# Answering phone while at computer



## ozziebeanie (Jun 24, 2009)

Is it possible to answer your house phone from your computer using your head set to hear and speak I am not talking about Skype or other programs where you can ring a house phone I want to know if I can answer my house phone while at the computer without taking my head set off 

I have, (not right now, as most of my computer equipment is packed till I know where I will be working permanently) or did have the house phone rigged up so if I was listening to music or chatting to someone in voice e.g. msn or yahoo what ever, it rang in my head set over and above anything I was listening to so I would know when the phone rang. (man it was loud, though i guess if you use an amp and speakers/headset it would be louder than normal.)

It gets annoying if you are doing work and have to stop data entry, take off the head set, answer the phone, then when finished the call, put head set back on and try and work out where you where up to in your work.

All I am after is names of programs and/or hardware that i would need to buy to achieve this as I am also looking to upgrade the computers once i am settled somewhere and want to know this info before I venture into doing that.

Thanks

Beanie


----------



## terabytecomputer (Apr 20, 2009)

To point you in what I believe is the right direction, try researching various modems. They often come bundled with software which will allow you to answer your phone from your computer. US Robotics is my preferred modem brand, fwiw.


----------



## ozziebeanie (Jun 24, 2009)

Thanks Terabytecomputer, I will have a look, I know they have phones that can be answered by the computer but I believe you have to have the computer on all the time to keep the line open, where I only want to answer while doing work on the computer and home phone the rest of the time, will let you know what I find out.

Thanks again


----------



## happychic (Jun 1, 2008)

Hi,

I am thinking your talking about a VOIP? Look for a modem that you can plug any handset / phone into.
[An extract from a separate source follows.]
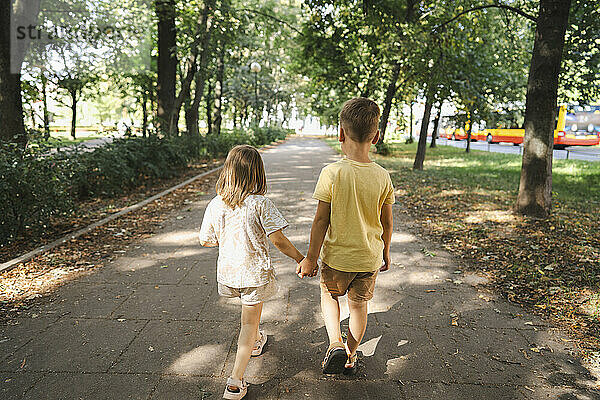 Brother and sister holding hands and walking together in park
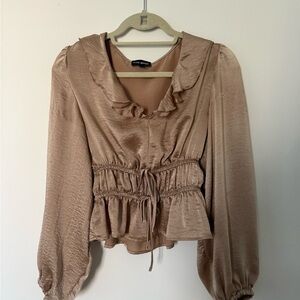 Steve Madden Tan Ruffled Blouse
Not sure about the headset tho. 

I think the key is going to be the way you set it all up.

Wish i could be of more assistance esp seeing as you live in the same country as me! 

TC

HC


----------



## ozziebeanie (Jun 24, 2009)

Had trouble finding a contact for Australia so have written an email to ask for a contact here or if someone in the USA can answer my questions, will let you know what answer i get.


----------



## happychic (Jun 1, 2008)

Hi,

I got an email.........is there something else i could help you with?

TC

HC


----------



## ozziebeanie (Jun 24, 2009)

Hi Happychic 

No I am not talking about VOIP, I think with VOIP you have to have your computer on all the time to receive calls, where I want to answer the calls with my computer when at the computer working, but pick up the handset (computer off or on does not matter) and answer a call normally with the handset when not at the computer.

Don't know really if I am getting my point across as to what I want to do, but I know the one where you have to have computer on all the time for the phone to work is not the one I want.

I see you are in Sydney been there once, its huge but only spent the day there shopping between flights.

TC and thanks


----------



## happychic (Jun 1, 2008)

Hi,

To the best of my knowledge - you don't have to have the computer on all the time to use Voip. I think its in the set up. I really don't know about using a headset. If I find out more info i will let you know.

TC

HC


----------



## ozziebeanie (Jun 24, 2009)

Thanks to you both, will let you know how i get on with it all.


----------



## daniel_b2380 (Jan 31, 2003)

ozzie,
are you asking about a dial-up modem?
that was a feature with the v.92 spec - modem on hold or some such name

i agree with terabyte about us robotics - [and i like 3com also]
http://www.usr.com/v92/

http://www.modemsite.com/56K/v92moh.asp

whole bunch of info here if you care to sort through it 
http://www.google.com/search?hl=en&q=v92+modem


----------



## ozziebeanie (Jun 24, 2009)

Well first I have to find out if what I want to do, can be done, I am sure its not science fiction, then if it can, what is required, because I am going into this blind I don't know if a fax modem dial up will do it. 

I did use one to rig it so I heard the phone ring in my head set so I would not miss calls, I only wish there was some button on a program I could click and say hello without having to take off the head set and keep loosing my place with my work, thanks for the links will look at them tomorrow its close on 12.30am here, time this chooky went to bed.

Thanks again


----------



## ozziebeanie (Jun 24, 2009)

Ok am reading links this morning and its telling me all about the wonderful things it can achieve being on line using this modem, but I don't want to go on line. I am already on line, are you saying that if I put this modem on the phone line and plug the phone in and hopefully with software that comes with the modem I can answer the phone while at the computer using my headset? 

Its not only products I am after but how it is to be done, is that what you where saying this modem can do?

I am trying to do something here I know nothing about, so excuse the questions.


----------